Business Editor
WITH the 2015 deadline for the attainment of Millenium Development Goals (MDGs) approaching, Africa has little to show in terms of market integration due to increasing protectionist attitudes by developed countries.

While MDG number eight provides for establishment of global partnerships for development on the economic front, there is still limited integration into global markets of African economies, according to the UN Economic Commission for Africa (ECA) 2014 MDGs latest report.

“International trade and economic arrangements have little benefitted African countries.
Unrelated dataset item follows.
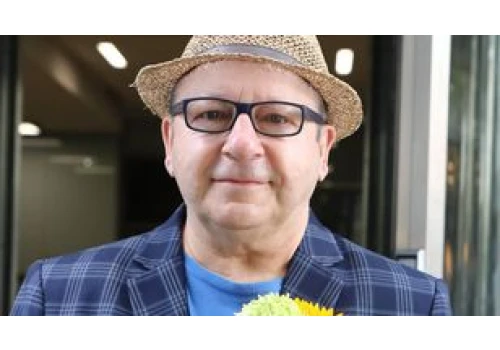 Zbigniew Zamachowski przyłapany z ukochaną. Na nowych zdjęciach ledwo go poznaliśmy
Policies prescribed by the International Monetary Fund (IMF) and the World Bank (particularly Structural Adjustment Programs), resulted in excessive economic liberalisation with disastrous effects, including the requirements to cut back on health, education and public services, and to rely on commodities for export,” reads part of the report.

Despite being producers of major raw materials globally, the report says African countries remain poor with little rewards from international trade treaties.

“Developed countries continue to control the terms of technology transfer, private capital and foreign aid flows, while maintaining trade barriers to protect their domestic suppliers from cheaper imports from Africa,” it says.

“Consequently, African economies’ integration into global markets remains limited and the continent’s share of global exports represented only 3,4 percent of the total in 2012, up from 2,3 percent in 2000, but still around half the level of the early 1980s.”

The Organisation for Economic Co-operation and Development (OECD) concurs.

The report notes that development partners have often reiterated commitment at different multilateral negotiation platforms, World Trade Organisation (WTO) and G20 forums, to support African countries, promote enhanced mutual trade, avail funding and roll back new protectionist measures yet continue to impose new export restrictions.

“These commitments are far from being met, as evidenced by rising protectionism, with 124 new trade restrictive measures introduced between October 2011 and April 2012,” reads the report.

The gross national income (GNI) commitment by development partners under the Monterrey Consensus of 2000 to increase Official Development Assistance (ODA) to support least developed countries and the 2005 Paris Declaration on Aid Effectiveness commitment to increase ODA by 2010 are typical examples of agreements that are yet to be honoured.

In 2011 G8 countries reaffirmed commitments on ODA and enhancing aid effectiveness but a year later ODA to Africa dropped from approximately $30,7 billion in 2011 to $29,1 billion in 2012.

“As at 2013, only five countries reached the United Nations target of allocating 0,7 percent of GNI to ODA. The total quantity of ODA to Africa remains lower than half of the increase implied by the 2005 commitments.

“More specifically, the combined donors’ ODA was equivalent to 0,30 percent of their combined GNI, leaving a delivery gap of 0,40 percent of GNI,” reads the report.

Given the continued global economic uncertainty there are legitimate concerns over the ability of donor countries to maintain their commitments on aid.

The report also indicates limited progress in developing an open, rule-based, predictable, non-discriminatory trading and financial system.

Given this sober reality African countries have been urged to strengthen regional synergies and trade ties within the continent to support their economies.

Free trade zones under the auspices of the Common Market for Eastern and Southern Africa (Comesa), the Sadc and the East African Community (EAC) are commendable in reversing the trade imbalances, consolidating autonomy and growth of African economies.